[Collection entries]
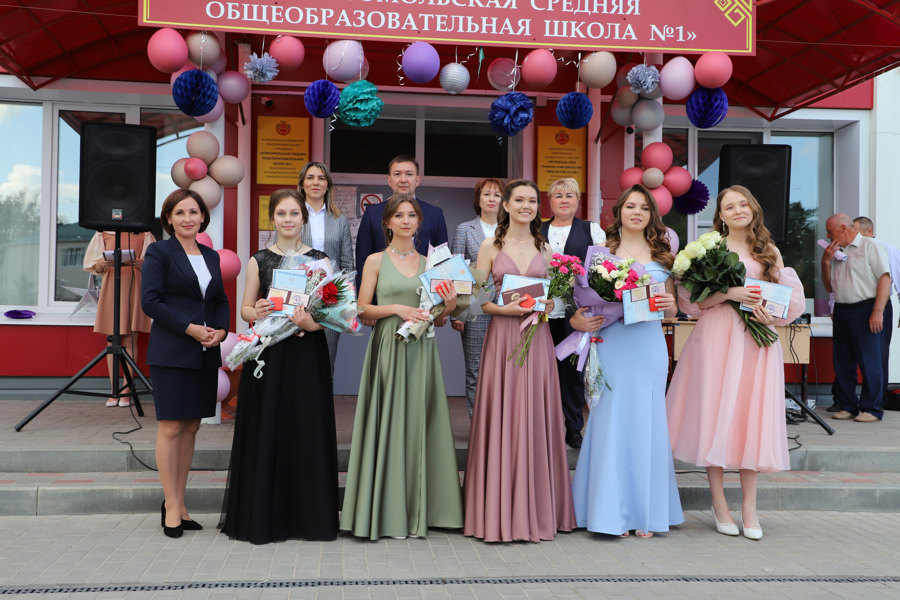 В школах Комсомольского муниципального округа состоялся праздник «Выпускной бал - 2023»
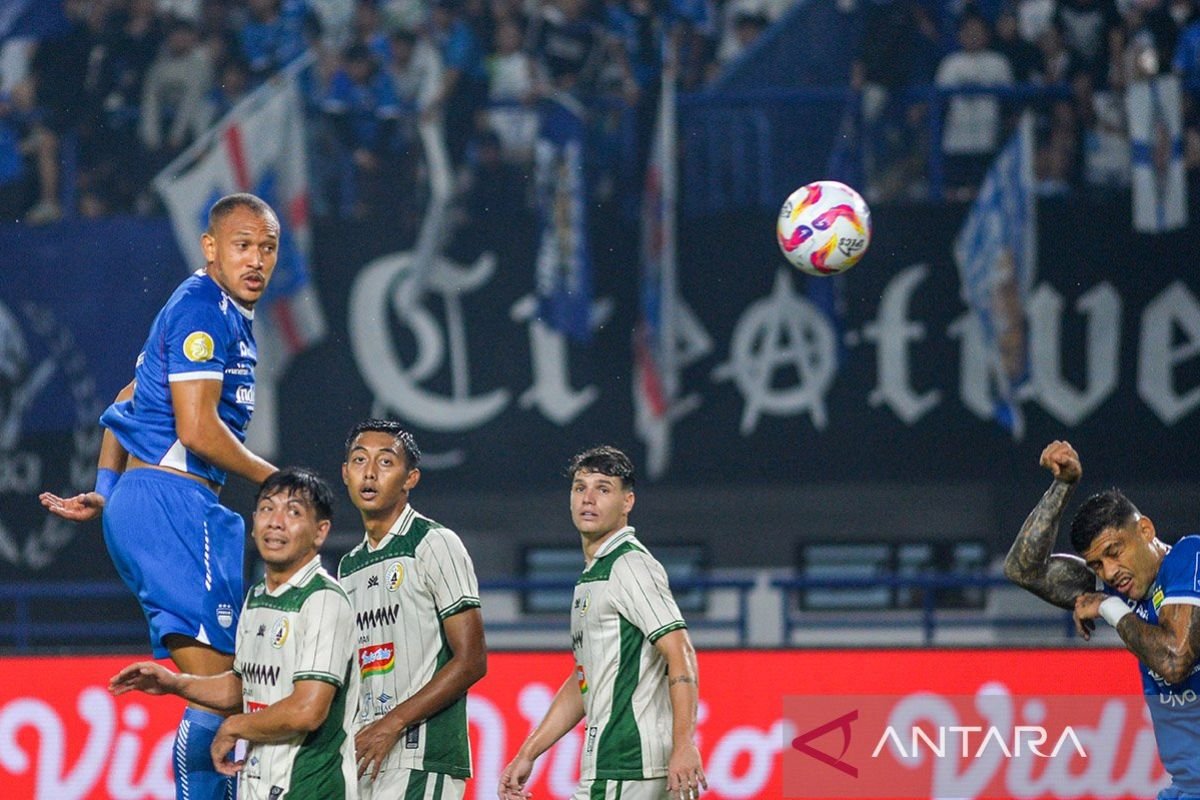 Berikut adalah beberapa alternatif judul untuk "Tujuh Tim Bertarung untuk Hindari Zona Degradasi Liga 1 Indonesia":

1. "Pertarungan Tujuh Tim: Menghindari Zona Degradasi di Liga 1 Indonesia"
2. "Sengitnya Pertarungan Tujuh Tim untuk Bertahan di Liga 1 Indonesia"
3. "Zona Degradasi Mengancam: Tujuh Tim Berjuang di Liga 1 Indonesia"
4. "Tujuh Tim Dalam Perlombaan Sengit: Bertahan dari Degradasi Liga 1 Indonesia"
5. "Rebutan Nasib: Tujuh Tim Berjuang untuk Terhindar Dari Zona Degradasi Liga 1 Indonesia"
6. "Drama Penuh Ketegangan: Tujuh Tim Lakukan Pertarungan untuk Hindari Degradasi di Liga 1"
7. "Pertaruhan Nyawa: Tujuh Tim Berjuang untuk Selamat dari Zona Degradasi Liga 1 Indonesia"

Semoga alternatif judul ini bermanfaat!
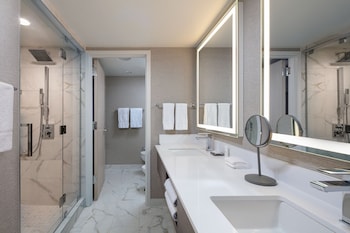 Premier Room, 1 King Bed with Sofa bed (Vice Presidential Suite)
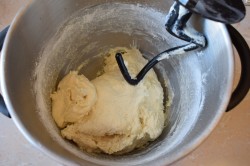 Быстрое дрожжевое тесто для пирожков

■ TASK INSTRUCTIONS: Only an exact copy belongs in the answer: the lines from the one containing "Premier Room, 1" through the end of the records, both ends included, minus the pictures.

■ REPLY TO THE EXERCISE:
 Premier Room, 1 King Bed with Sofa bed (Vice Presidential Suite)
 Быстрое дрожжевое тесто для пирожков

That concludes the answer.